Food prices, which make up about a third of the inflation basket, rose 15.4 per cent year on year last month.
Meat prices rocketed 45.2 per cent, the highest among all food products. Egg and edible oil prices increased by more than 30 per cent year on year.
However, non-food prices rose only 0.9 per cent.
Core inflation, which excludes food and energy prices, remained low at 0.7 per cent in the first half of this year, according to the NBS.
"The CPI growth in July is a bit surprising," said Zhu Baoliang, chief economist with the State Information Centre.
Many economists forecast that it would rise by around 5 per cent after it hit 4.4 per cent in June.
The government has taken a slew of measures, such as encouraging pig raising and checking price cartels, to increase food supply and curb prices.
"Price rises are set to slow but it will take some time for those measures to show their effect", Zhu told China Daily.
Chen Xingdong, chief economist of BNP Paribas Peregrine Securities, said prices will not stop rising until November.
If the price rises spill over into the industrial sector and lead to price hikes of industrial products, the situation will become much more serious, as it will indicate a more general inflationary trend, Chen warned.

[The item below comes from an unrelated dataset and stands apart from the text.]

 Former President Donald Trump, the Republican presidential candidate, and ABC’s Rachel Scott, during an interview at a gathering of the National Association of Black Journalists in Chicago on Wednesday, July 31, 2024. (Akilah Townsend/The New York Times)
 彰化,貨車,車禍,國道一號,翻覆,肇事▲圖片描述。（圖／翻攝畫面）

For the whole year, the CPI is bound to break the central bank benchmark of 3 per cent, he said, adding: "Our study shows it may be about 3.7 per cent."

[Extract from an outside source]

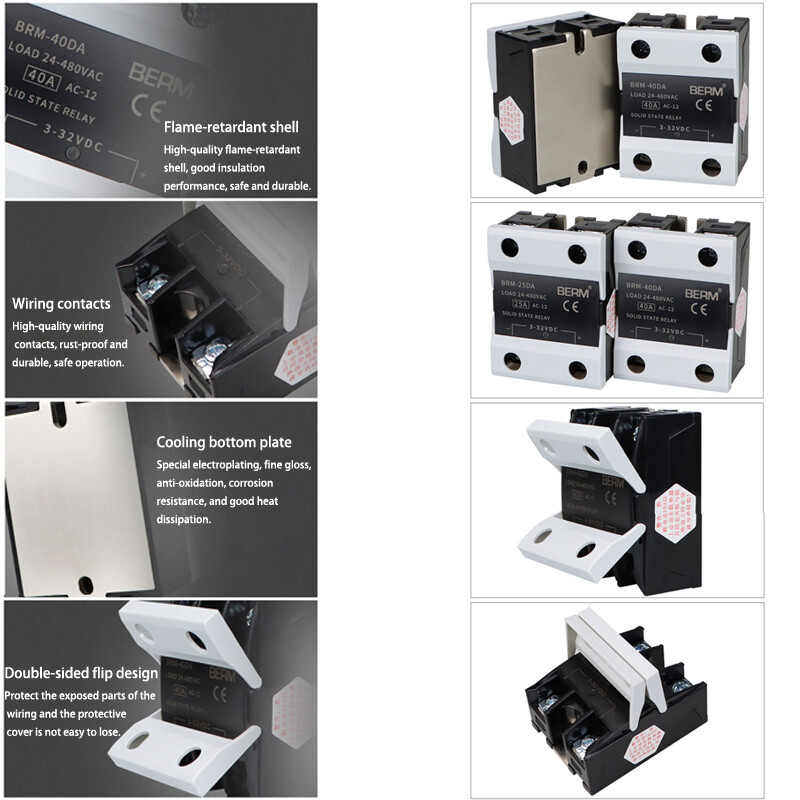 10A - 100A Single Phase BRM Solid State Relays Module DC 3V-32V to AC 24V-480V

Many economists have forecast it will be close to 4 per cent.
One or two hikes in the interest rate are widely expected given rising consumer prices and other key economic indicators.
But Zhu said the rate increases, which are quite possible, will not ease price rises.
"Price rises of grain (used as animal feed) have remained stable and therefore it is not rising costs, but a growing supply-demand gap of food products that has pushed up the price index," Zhu said.
Interest rate hikes will not dampen demand for food, he added.
He said rising inflation has pushed the real interest rate - the benchmark one-year deposit rate is 3.33 per cent - into negative territory.
BEIJING EASES
FOREX CONTROLS
Another AP report from Beijing adds: China has scrapped rules that required local companies to convert a portion of their foreign earnings into Chinese currency, the government said Tuesday, in a move that could ease pressure on Beijing's foreign exchange system.
Companies now will be allowed to decide on their own how to use money earned abroad, the State Administration of Foreign Exchange said on its Web site.
Previous rules requiring companies to convert at least 20 percent of foreign earnings into Chinese yuan boosted demand for the currency, increasing pressure for it to rise against the U.S. dollar and other foreign currencies.